- [Record extracts]:
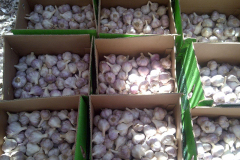 thumbs_IMG-20211107-WA0076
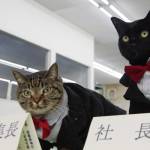 会社前で捨てられていた子猫、9年半後に社長就任「スーパー猫の日」 三重のユー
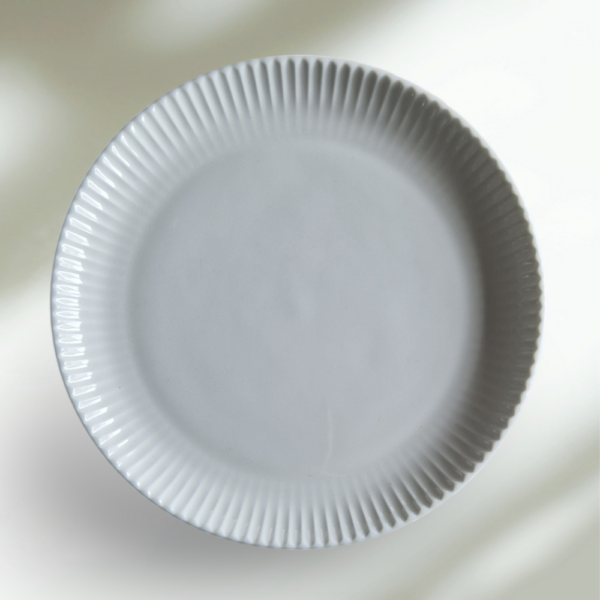 Assiette plate coupe SPECTRA - petite D21cm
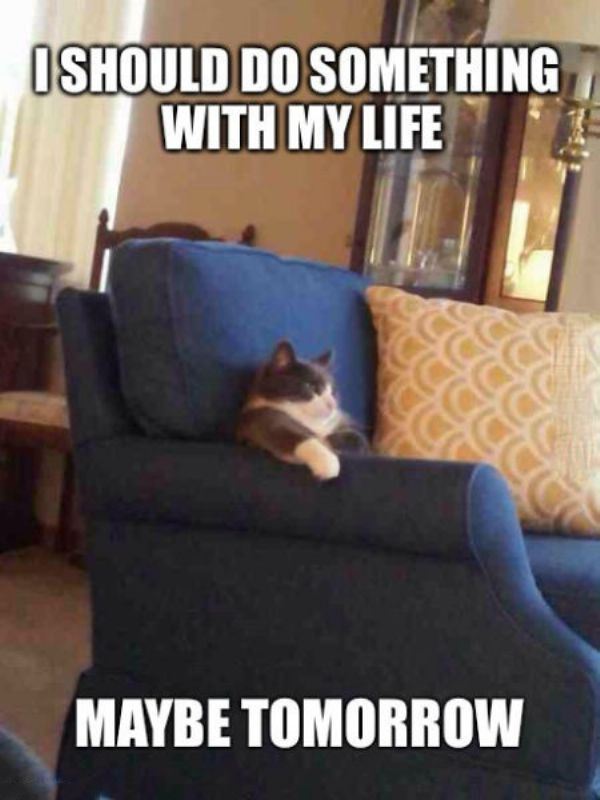 maybe tomorrow funny picture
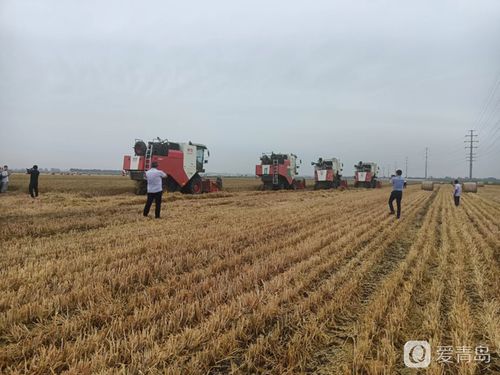 青島市農(nóng)業(yè)生產(chǎn)社會(huì)化服務(wù)現(xiàn)場觀摩會(huì)在萊西市姜山鎮(zhèn)召開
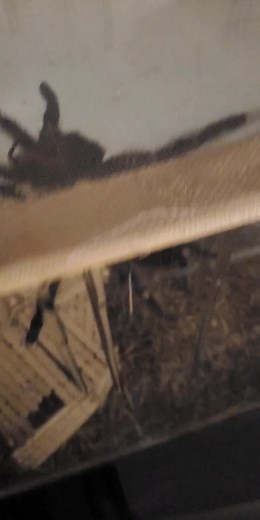 salmon pink birdester likes biting his cage #goodboy #tarantula #exoticpets #spider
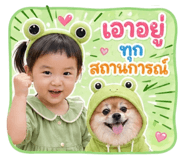 850098534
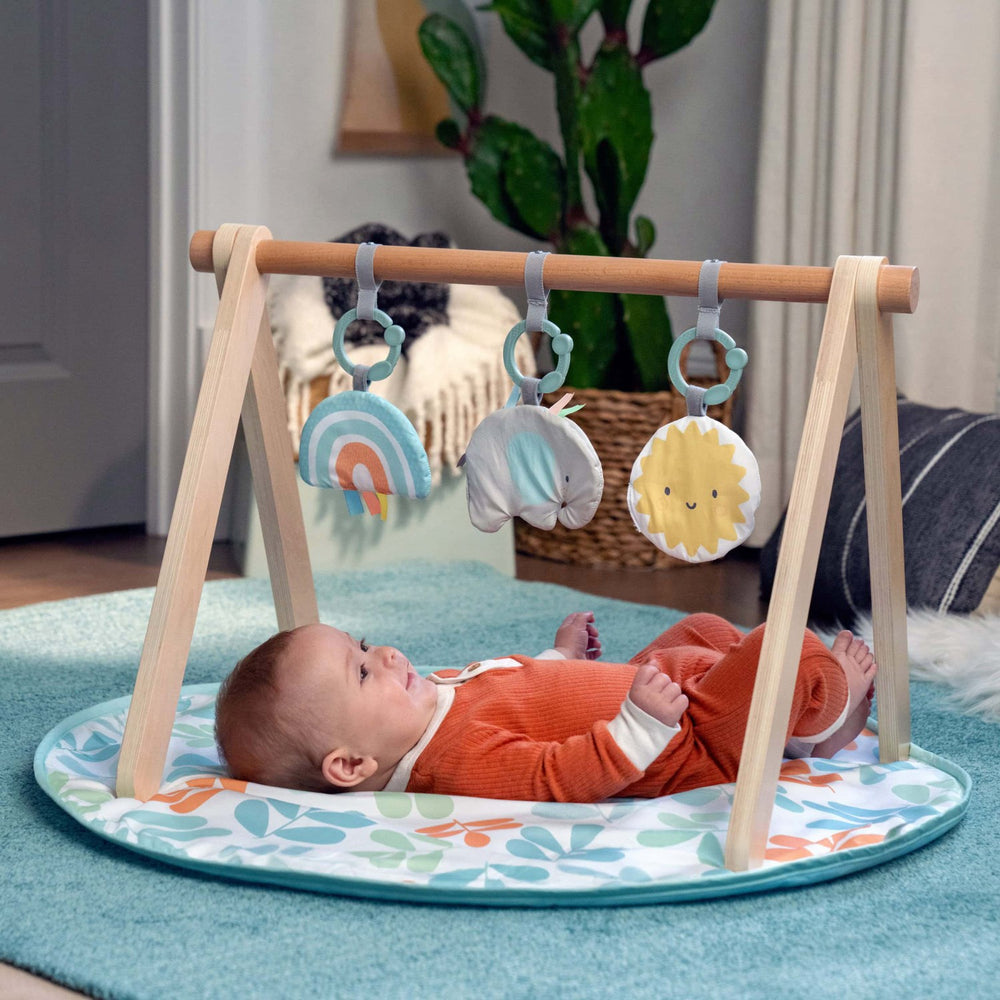 Køb Ingenuity Sun Valley™ Wooden Legetøj Aktivitetsbue & Play Mat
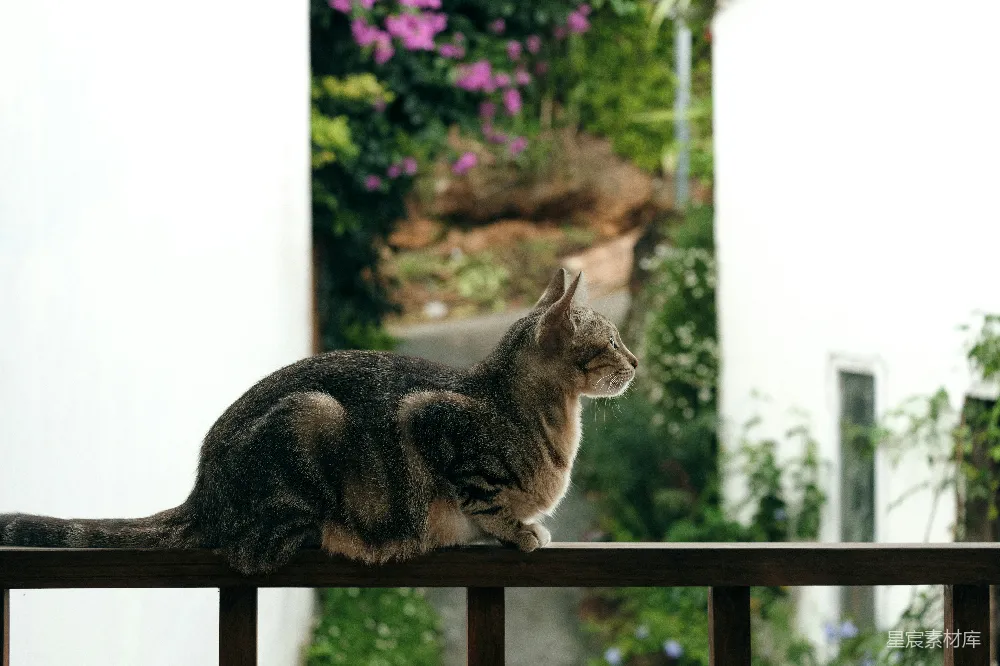 高清摄影  一只虎斑猫坐在户外的栏杆上。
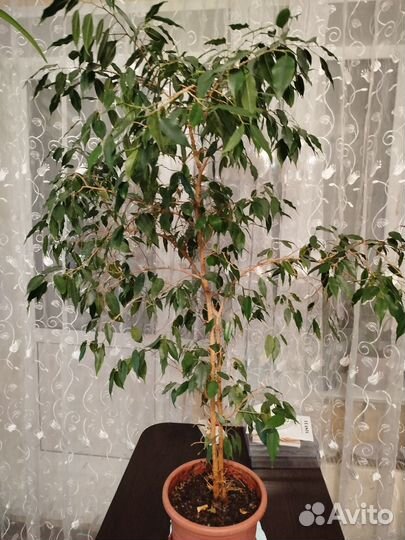 Фикус Бенджамина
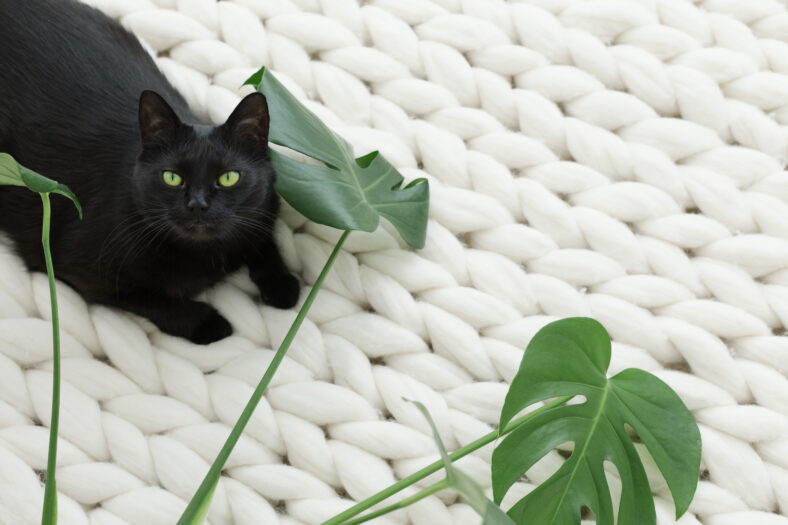 Black cat relaxing on white knitted merino plaid, enjoying warm and soft super chunky yarn blanket, cozy home and hygge trendy concept, scandinavian style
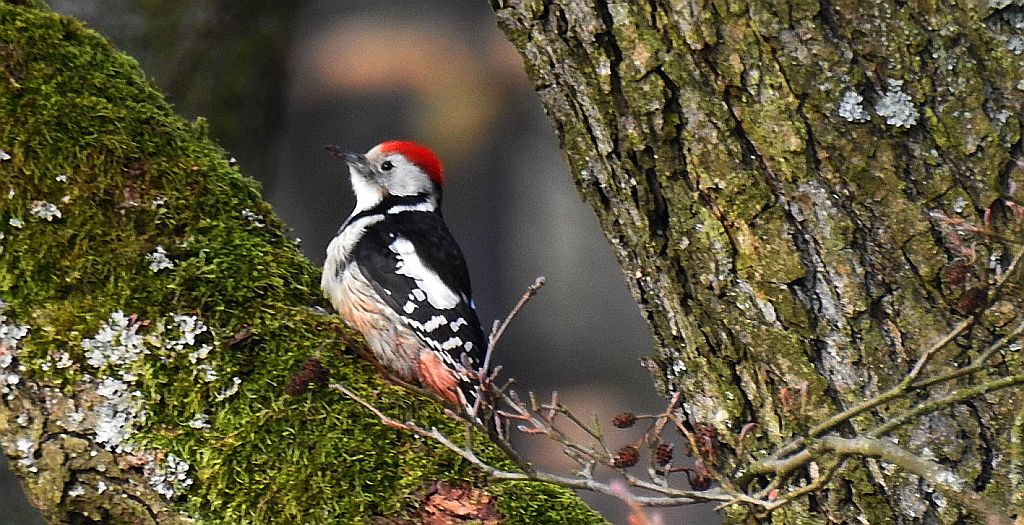 Dzięcioł średni (Dendrocopos medius)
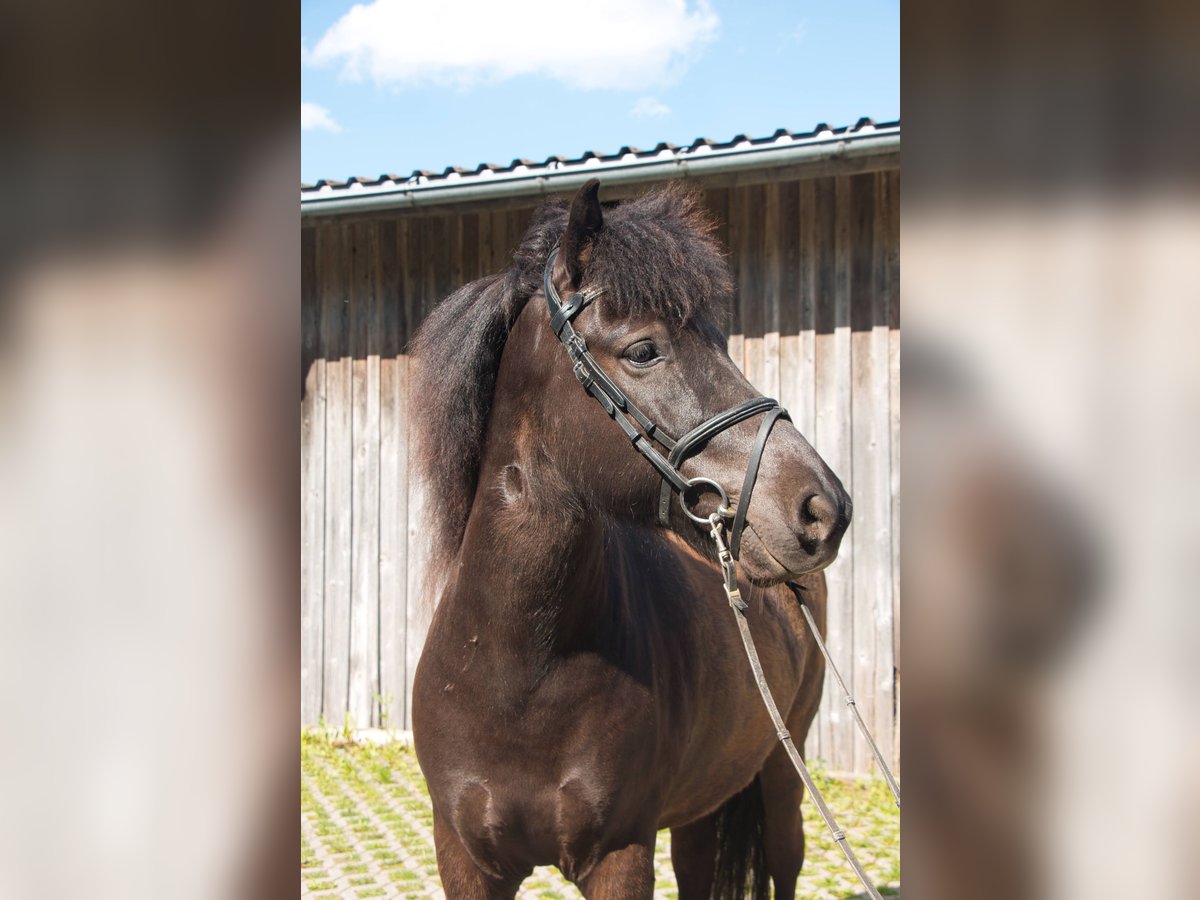 Caballos islandeses Caballo castrado 8 años 142 cm Negro in Pfalzgrafenweiler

- [What you have to do]:
Leave out all pictures, then copy the remaining material exactly.

- [Exercise output]:
 thumbs_IMG-20211107-WA0076
 会社前で捨てられていた子猫、9年半後に社長就任「スーパー猫の日」 三重のユー
 Assiette plate coupe SPECTRA - petite D21cm
 maybe tomorrow funny picture
 青島市農(nóng)業(yè)生產(chǎn)社會(huì)化服務(wù)現(xiàn)場觀摩會(huì)在萊西市姜山鎮(zhèn)召開
 salmon pink birdester likes biting his cage #goodboy #tarantula #exoticpets #spider
 850098534
 Køb Ingenuity Sun Valley™ Wooden Legetøj Aktivitetsbue & Play Mat
 高清摄影  一只虎斑猫坐在户外的栏杆上。
 Фикус Бенджамина
 Black cat relaxing on white knitted merino plaid, enjoying warm and soft super chunky yarn blanket, cozy home and hygge trendy concept, scandinavian style
 Dzięcioł średni (Dendrocopos medius)
 Caballos islandeses Caballo castrado 8 años 142 cm Negro in Pfalzgrafenweiler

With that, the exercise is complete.